I know there are conditions where H20 will change phase at temps below 32 deg. F. Can there be warm ice, however?
Yes, just recently published, AFAIK…
My google fu is weak today, but back in the Pleistocene (well, ok, college in the late 80s), we were taught about how there are several types of ice which form under different conditions and have different chrystallographic forms. You can obtain “normal” ice at temperatures higher than 32F by manipulating the pressure, IIRC it was unusual in that you had to lower it where for most substances you’d have to raise it (seeding methods like that one linked by Jersey Frank were theoretical at the time).
ETA: Eureka! Not recommended for the weak of Physics.
Yep, melting point is variable based on pressure. The melting points you see in charts are the melting point at a standard pressure. Interestingly, if temperature and pressure are at the “triple point” you can have water in all three forms. A similar phenomenon you sometimes see on the ocean in cold climates is an iceberg sitting in water with water vapor rising off of it, which makes for a pretty picture… Although, for the phase diagram of water, regular ice doesn’t form at higher temperatures, but other types of ice do.

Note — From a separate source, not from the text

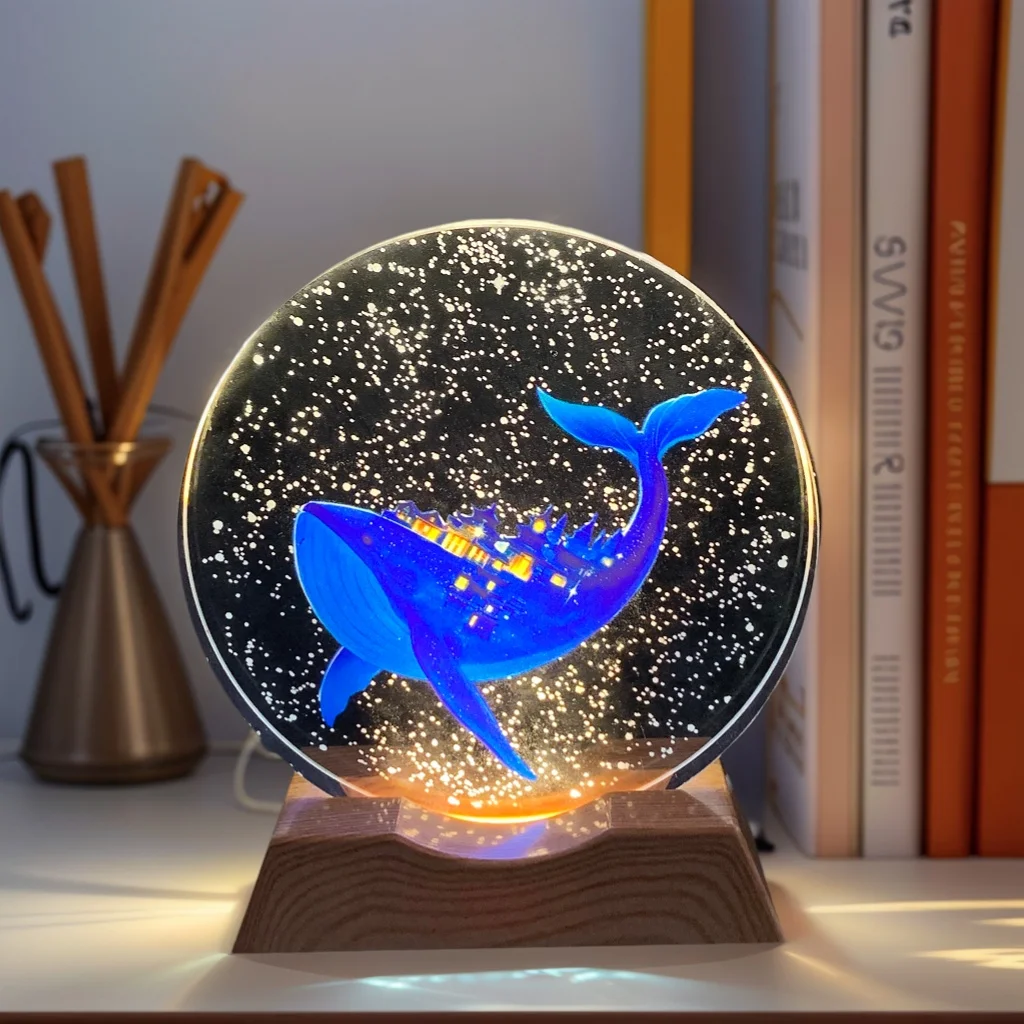 

Основание мира хрустальная светодиодная ночная лента для китов, стеклянная декоративная лампа, подходит для спален, гостиной, би.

I’ve scraped ice off my windshield on many mornings when the air temp is above 32 degrees.
But most likely your windshield was below 32 degrees.
During the night, your windshield radiates heat away into the night sky, and if the air is fairly calm, radiates enough that it can drop below the temp of the air. Thats why clear nights feel a bit cooler that cloudy ones.
And its easy to see evidence of this effect. Look at houses that have frost formed on them. You’ll often see frost parts of the roof that are well exposed to the sky. Parts that are well covered by trees will often not have frost on them (assuming this was a marginal night and not a really cold one).
The phase diagram for water is actually pretty interesting. Most substances have a line/curve with a positive slope for the solid/liquid boundary meaning as pressure goes up it takes higher temperatures to form the solid. Water has a negative slope meaning their is a fairly narrow range (between about 1 atm and .005 atm) where you can form water at higher temperatures than 0 degrees C. Even at a pressure that allows you to max out temperature though it would still only form at 0.01 degrees C.
Yes. If you’re driving along, and all the banks say the temperature is 42F, and it’s windy and drizzling, and then you drive over a long bridge–expect ice. (The thing I never understood about wind chill–they say it makes it “feel like” a lower temperature. But apparently, it can also make it actually a lower temperature, hence if the temperature drops to a daily low of 42F, the bridge can still be cold enough that the drizzle will freeze.)